BEGIN Extracted information

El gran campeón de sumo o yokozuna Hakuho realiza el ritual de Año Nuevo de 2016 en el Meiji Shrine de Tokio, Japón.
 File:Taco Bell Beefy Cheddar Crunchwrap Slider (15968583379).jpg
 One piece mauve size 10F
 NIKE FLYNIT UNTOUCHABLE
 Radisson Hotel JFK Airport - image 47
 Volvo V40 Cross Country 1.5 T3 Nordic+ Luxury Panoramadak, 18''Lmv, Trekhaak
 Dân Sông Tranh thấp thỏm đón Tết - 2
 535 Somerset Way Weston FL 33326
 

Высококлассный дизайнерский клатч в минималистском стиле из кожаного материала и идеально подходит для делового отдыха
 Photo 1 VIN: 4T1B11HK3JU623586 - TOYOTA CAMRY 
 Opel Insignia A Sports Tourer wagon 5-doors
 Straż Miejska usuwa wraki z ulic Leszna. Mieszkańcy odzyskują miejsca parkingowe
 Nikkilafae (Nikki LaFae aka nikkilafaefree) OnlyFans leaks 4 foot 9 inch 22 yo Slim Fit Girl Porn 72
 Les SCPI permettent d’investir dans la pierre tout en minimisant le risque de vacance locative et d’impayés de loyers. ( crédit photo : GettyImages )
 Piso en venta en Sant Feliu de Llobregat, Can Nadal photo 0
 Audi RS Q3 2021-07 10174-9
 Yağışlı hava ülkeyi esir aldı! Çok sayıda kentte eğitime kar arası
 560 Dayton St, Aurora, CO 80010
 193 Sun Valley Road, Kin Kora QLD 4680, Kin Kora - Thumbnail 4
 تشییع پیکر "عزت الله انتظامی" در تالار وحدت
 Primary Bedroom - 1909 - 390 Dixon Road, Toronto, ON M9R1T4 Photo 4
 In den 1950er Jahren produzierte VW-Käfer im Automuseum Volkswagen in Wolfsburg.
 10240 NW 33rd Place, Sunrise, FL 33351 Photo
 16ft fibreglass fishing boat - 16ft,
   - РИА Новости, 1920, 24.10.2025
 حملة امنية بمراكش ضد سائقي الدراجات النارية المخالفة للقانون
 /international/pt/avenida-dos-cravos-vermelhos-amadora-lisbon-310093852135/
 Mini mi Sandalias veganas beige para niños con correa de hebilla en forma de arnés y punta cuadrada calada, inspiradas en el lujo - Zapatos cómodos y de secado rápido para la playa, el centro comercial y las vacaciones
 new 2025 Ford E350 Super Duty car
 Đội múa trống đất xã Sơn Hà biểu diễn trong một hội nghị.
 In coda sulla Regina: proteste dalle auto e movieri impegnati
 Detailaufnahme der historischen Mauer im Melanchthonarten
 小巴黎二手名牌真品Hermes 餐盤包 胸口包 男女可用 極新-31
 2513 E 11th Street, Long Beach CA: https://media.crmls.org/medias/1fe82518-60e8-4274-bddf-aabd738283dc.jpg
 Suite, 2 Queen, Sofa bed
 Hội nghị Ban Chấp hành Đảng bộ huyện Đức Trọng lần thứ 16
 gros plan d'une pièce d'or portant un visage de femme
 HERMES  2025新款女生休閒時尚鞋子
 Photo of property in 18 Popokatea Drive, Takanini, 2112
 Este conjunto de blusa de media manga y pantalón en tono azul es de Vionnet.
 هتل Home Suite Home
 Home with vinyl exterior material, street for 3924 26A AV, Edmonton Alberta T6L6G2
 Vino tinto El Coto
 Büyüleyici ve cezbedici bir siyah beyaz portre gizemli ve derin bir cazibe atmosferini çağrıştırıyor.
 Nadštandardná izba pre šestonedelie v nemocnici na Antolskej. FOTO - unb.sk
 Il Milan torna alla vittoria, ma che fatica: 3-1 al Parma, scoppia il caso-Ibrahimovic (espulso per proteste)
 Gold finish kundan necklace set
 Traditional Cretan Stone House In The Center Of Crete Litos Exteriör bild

END Extracted information

| What the exercise asks |
Which lines run from the one holding "Primary Bedroom - 1909" through the one holding "Büyüleyici ve cezbedici" in the records above? Repeat them exactly, both included, and nothing more.

| Output for this task |
 Primary Bedroom - 1909 - 390 Dixon Road, Toronto, ON M9R1T4 Photo 4
 In den 1950er Jahren produzierte VW-Käfer im Automuseum Volkswagen in Wolfsburg.
 10240 NW 33rd Place, Sunrise, FL 33351 Photo
 16ft fibreglass fishing boat - 16ft,
   - РИА Новости, 1920, 24.10.2025
 حملة امنية بمراكش ضد سائقي الدراجات النارية المخالفة للقانون
 /international/pt/avenida-dos-cravos-vermelhos-amadora-lisbon-310093852135/
 Mini mi Sandalias veganas beige para niños con correa de hebilla en forma de arnés y punta cuadrada calada, inspiradas en el lujo - Zapatos cómodos y de secado rápido para la playa, el centro comercial y las vacaciones
 new 2025 Ford E350 Super Duty car
 Đội múa trống đất xã Sơn Hà biểu diễn trong một hội nghị.
 In coda sulla Regina: proteste dalle auto e movieri impegnati
 Detailaufnahme der historischen Mauer im Melanchthonarten
 小巴黎二手名牌真品Hermes 餐盤包 胸口包 男女可用 極新-31
 2513 E 11th Street, Long Beach CA: https://media.crmls.org/medias/1fe82518-60e8-4274-bddf-aabd738283dc.jpg
 Suite, 2 Queen, Sofa bed
 Hội nghị Ban Chấp hành Đảng bộ huyện Đức Trọng lần thứ 16
 gros plan d'une pièce d'or portant un visage de femme
 HERMES  2025新款女生休閒時尚鞋子
 Photo of property in 18 Popokatea Drive, Takanini, 2112
 Este conjunto de blusa de media manga y pantalón en tono azul es de Vionnet.
 هتل Home Suite Home
 Home with vinyl exterior material, street for 3924 26A AV, Edmonton Alberta T6L6G2
 Vino tinto El Coto
 Büyüleyici ve cezbedici bir siyah beyaz portre gizemli ve derin bir cazibe atmosferini çağrıştırıyor.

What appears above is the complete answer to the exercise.